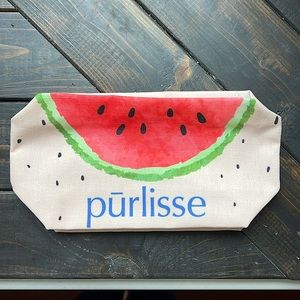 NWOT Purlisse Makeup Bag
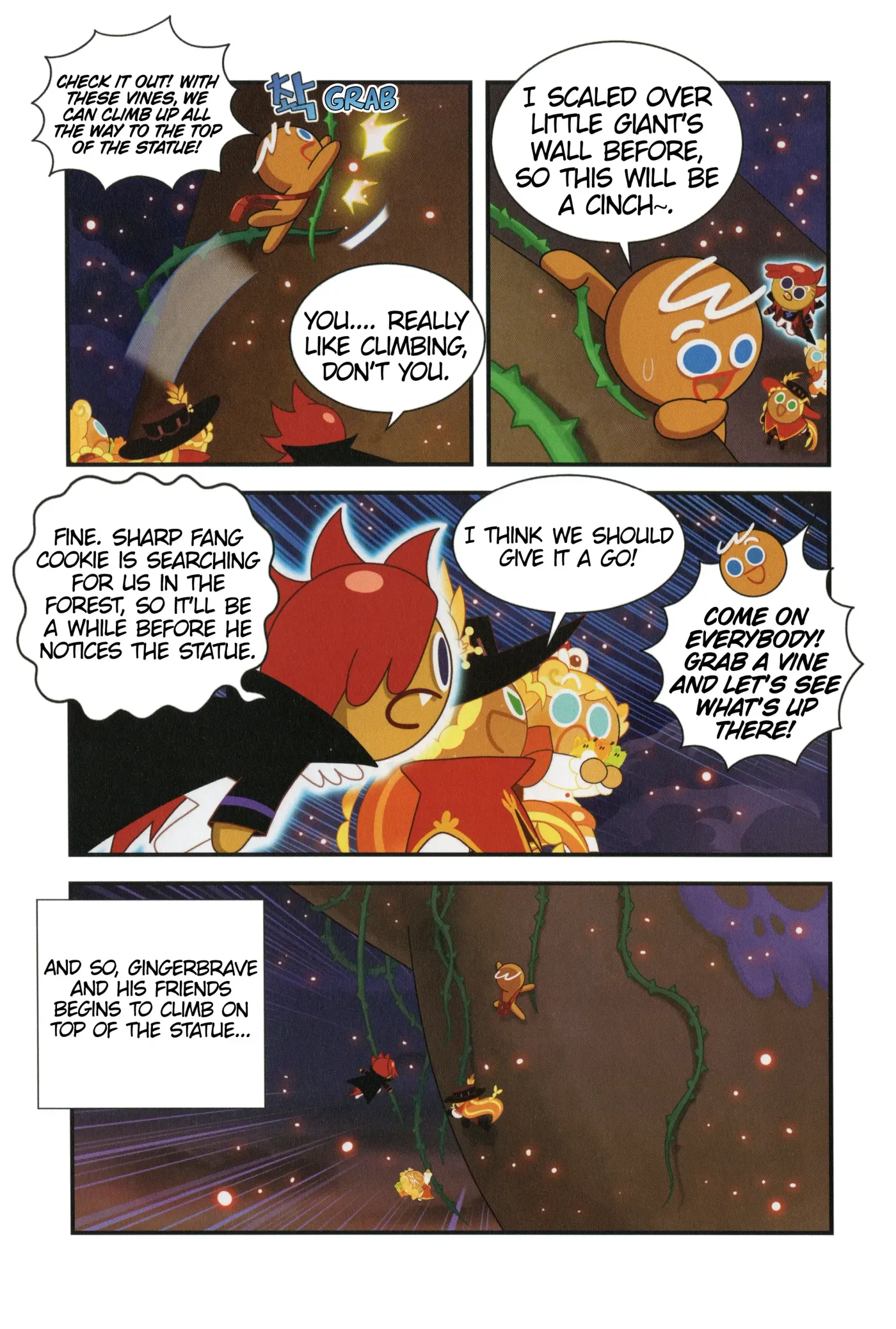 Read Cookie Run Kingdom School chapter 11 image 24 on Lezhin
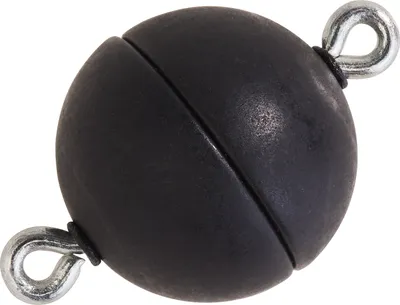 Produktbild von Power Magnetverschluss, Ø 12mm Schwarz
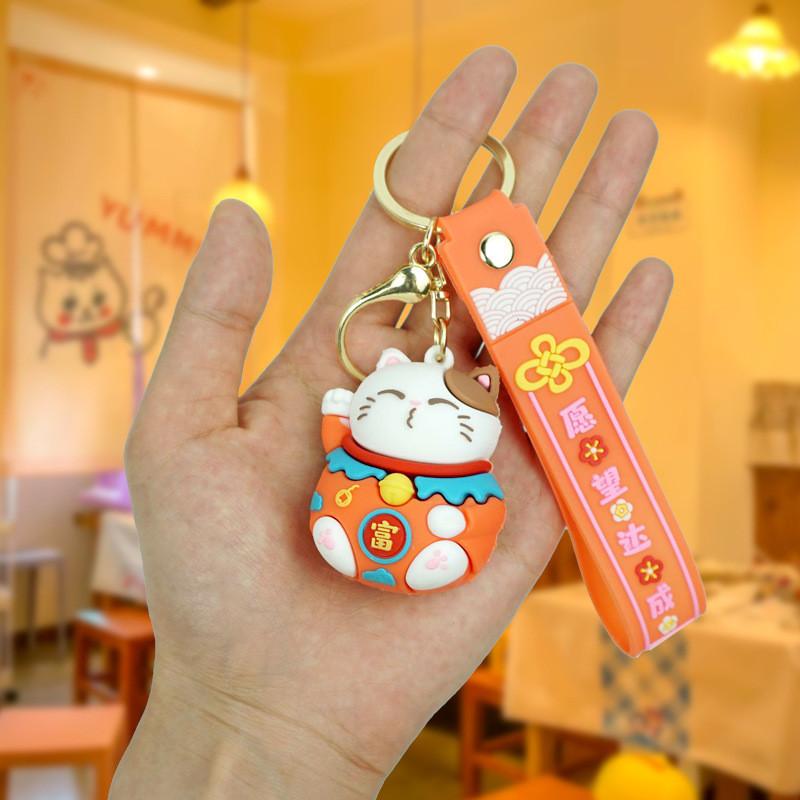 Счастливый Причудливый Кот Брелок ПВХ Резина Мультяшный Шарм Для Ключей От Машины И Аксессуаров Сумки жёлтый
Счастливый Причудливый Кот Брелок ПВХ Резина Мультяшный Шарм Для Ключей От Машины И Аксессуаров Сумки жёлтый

- Aim of the exercise: Without any pictures, write out the lines running from the one containing "Read Cookie Run" through the end of the listing above, both included, exactly as given.

- Answer section:
 Read Cookie Run Kingdom School chapter 11 image 24 on Lezhin
 Produktbild von Power Magnetverschluss, Ø 12mm Schwarz
 Счастливый Причудливый Кот Брелок ПВХ Резина Мультяшный Шарм Для Ключей От Машины И Аксессуаров Сумки жёлтый
Счастливый Причудливый Кот Брелок ПВХ Резина Мультяшный Шарм Для Ключей От Машины И Аксессуаров Сумки жёлтый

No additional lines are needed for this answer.